Freewheeling couple George and Marion Kerby really like to mix it up. Life is a never ending party for the Kerby’s as they burn the candle at both ends on a nightly and daily basis, but the party ends when they are killed in a auto-accident…or does it? Proving not even death can stop their madcap ways; the Kirby’s come back as two prankster ghosts who set their sites on an uptight president of bank, that they held stock in, named Cosmo Topper.
Topper, scripted by Jack Jevne, Eric Hatch and Eddie Moran from a novel by Thorne Smith, is the hilarious and chaotic supernatural tale from underrated comic director Norman Z. McLeod. Originally released in 1937 to immediate critical and popular success,
Topper can still stake a claim as being one of the flat out funniest and most purely entertaining works of the American depression era. It’s also one of the best ghost stories and it’s no wonder that the material has been visited so many times in the decades since it first played to packed houses across the country.

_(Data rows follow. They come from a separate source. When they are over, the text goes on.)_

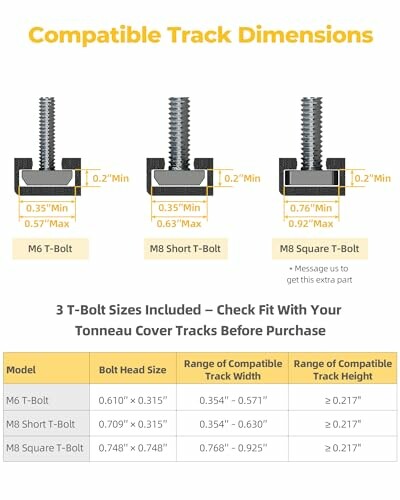 Chart showing compatible track dimensions for T-Bolt sizes M6, M8 Short, and M8 Square.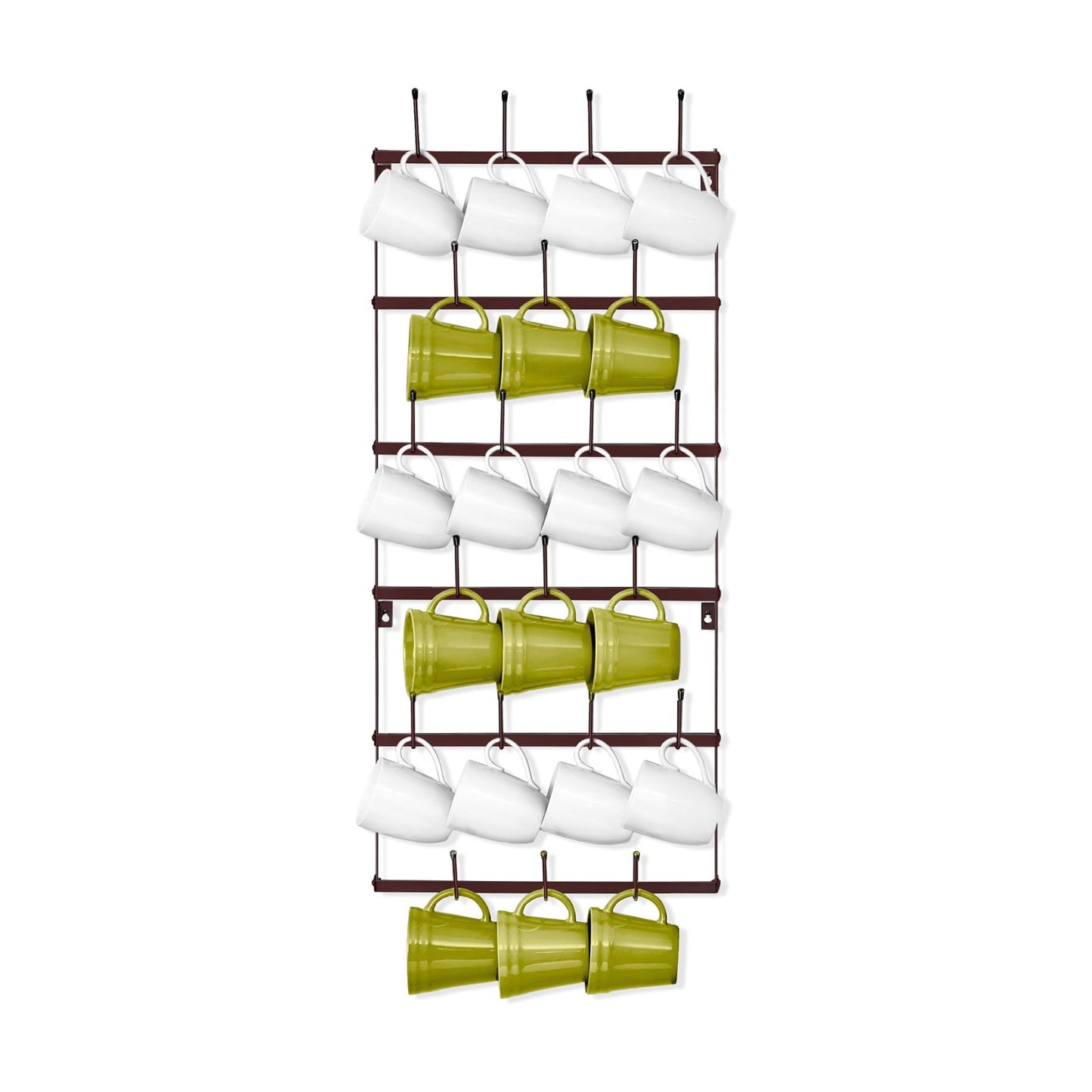 Sorbus Wall Mug Rack, Coffee Mug Display for Coffee Station (Small, Brown) | Rustic six-tier metal holder with hooks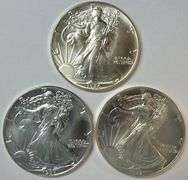 3 Better Date Superb Gem BU $1 Silver Eagles: 1986, 1987, & 1995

Like the characters he celebrated in many of his works, novelist Thorne Smith was a heavy drinking free-spirit and lover of life who tragically passed away just a couple of years after turning forty in 1934. The Maryland born Smith had been kicking around the literary world since the late teens with very little notoriety but he hit pay-dirt in 1926 with the publication of
Topper, a work that would cement his reputation as one of the finest supernatural comic writers in the country. Many works followed the success of the book and eventual film version of
Topper but only 1941’s
The Passionate Witch (the inspiration for
I Married a Witch,
Bell Book and Candle and
Bewitched) came close to matching its success. McLeod’s film version of Smith’s side-splitting book thankfully more than did justice to the original very-fine source material.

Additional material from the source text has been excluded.